With the Stakhanovites, the bureaucratic administrators acquire a social base, and alongside, there grows the instability and crisis in the economy. It is the counter-revolution of state-capital.
d. Beginning with 1939 the mode of labor changes again. In his report on the Third Five-Year Plan, Molotov stressed the fact that it was insufficient to be concerned merely with the mass of goods produced. The crucial point for "outstripping capitalism" was not the mass but the rate at which that mass was produced. It was necessary that per capita production be increased, that is to say, that each worker's productivity be so increased that fewer workers would be needed to obtain an ever greater mass of goods. Intensity of labor becomes the norm.

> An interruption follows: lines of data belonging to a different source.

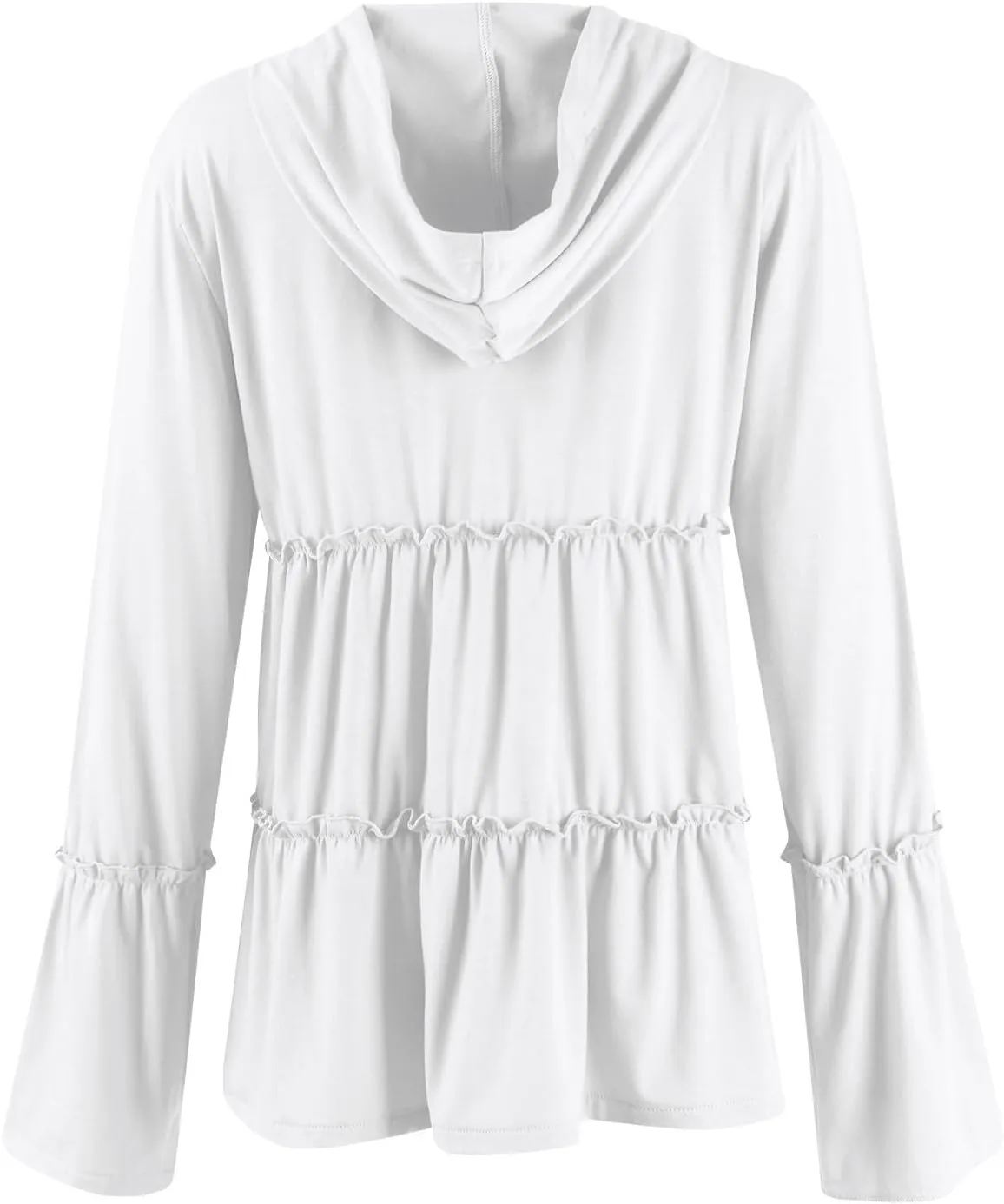 Zip Up Hoodie Women Casual Peplum Lightweight Athletic Sweat Zip Up Jackets Cute Tiered Ruffle Sweatshirt Hoodies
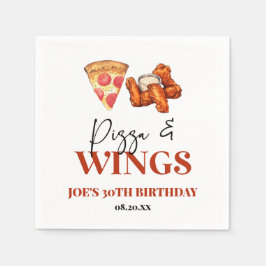 Pizza and Wings Birthday Party Serviette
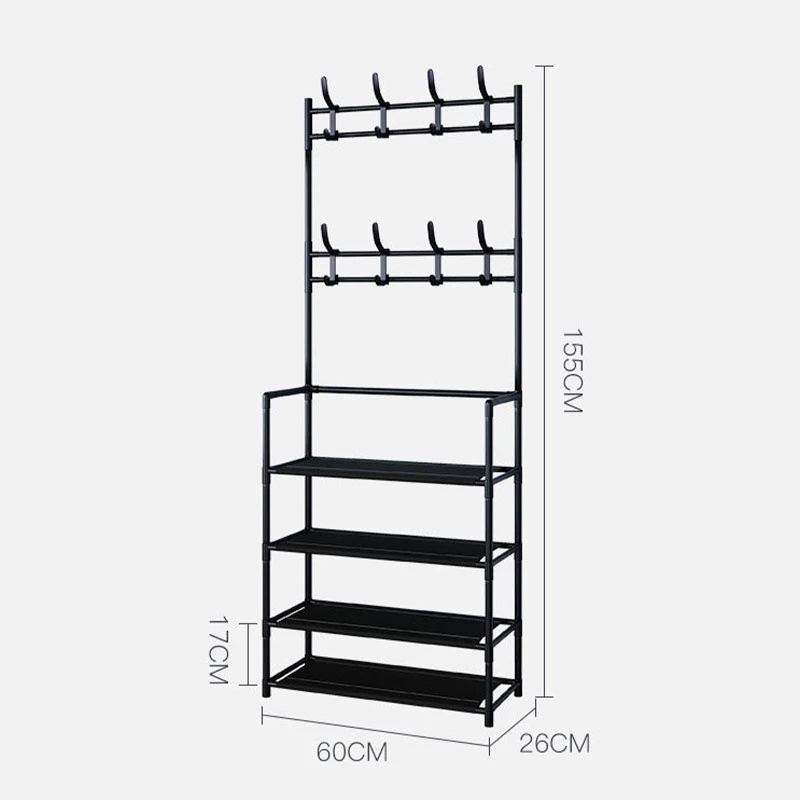 Furniture Metal Hall Tree Clothes Coat Hanging Shelf Shoe Coat Rack Stand with Bench Wholesale Entryway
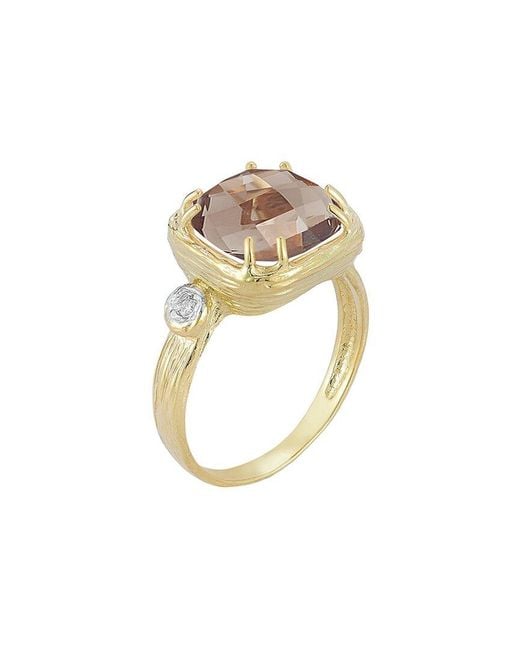 Reiss White 14k 3.53 Ct. Tw. Diamond & Smokey Topaz Ring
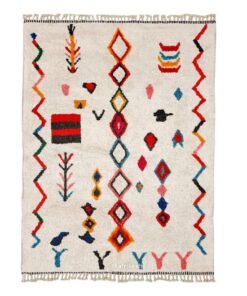 Tazarzit – Moroccan Beni Ourain Artistic Rug- Colorful Geometric Azilal Carpet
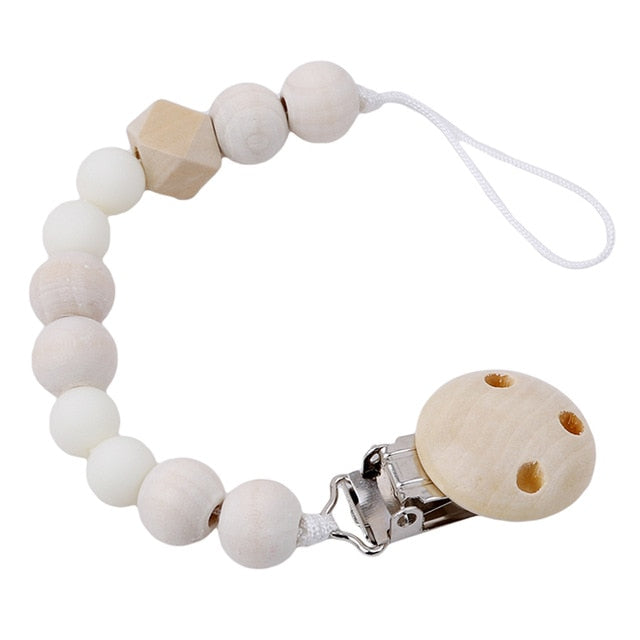Wooden Pacifier Clip for Calmer, Easier Baby Outings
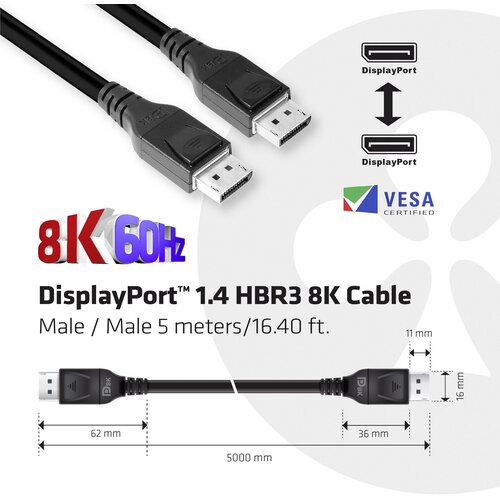 Club3d DisplayPort priključni kabel DisplayPort vtič\, DisplayPort vtič 5.00 m črna CAC-1061 #####8K UHD DisplayPort kabel, (20420983) Cene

During the war that norm turned out to be the most vicious of all forms of exploitation. The Stalinists sanctified it by the name of "socialist emulation". "Socialist emulation" meant, firstly, that the pay incentive that was the due of a Stakhanovite was no longer the reward of the workers as individuals, once they as a mass produced according to the new raised norm. In other words, the take-home pay was the same despite the speed up on a plant-wide basis. Secondly, and above all, competition was no longer limited to individual workers competing on a piecework basis, nor even to groups of workers on a plant-wide basis, but was extended to cover factory against factory.
Labor Reserves are established to assure the perpetuation of skills and a sufficient labor supply. Youth are trained from the start to labor as ordered. The climax comes in 1943 with the "discovery" of the conveyor belt system. This is the year also of the Stalinist admission that the law of value functions in Russia.
We thus have:
1918: The Declaration of the Rights of Toilers - every cook an administrator.
1928: Abstract mass labor - "lots" of it "to catch up with capitalism".
1931: Differentiation within labor - "personalized" individual; the pieceworker the hero.
1935: Stakhanovism, individual competition to surpass the norm.
1936-37: Stalinist Constitution: Stakhanovites and the intelligentsia singled out as those "whom we respect".
1939-41: Systematization of piecework; factory competing against factory.
1943: "The year of the conversion to the conveyor belt system".
Whereas in 1936 we had the singling out of a ruling class, a "simple" division between mental and physical work, we now have the stratification of mental and physical labor. Leontiev's Political economy in the Soviet Union lays stress not merely on the intelligentsia against the mass, but on specific skills and differentials, lower, higher, middle, in-between and highest.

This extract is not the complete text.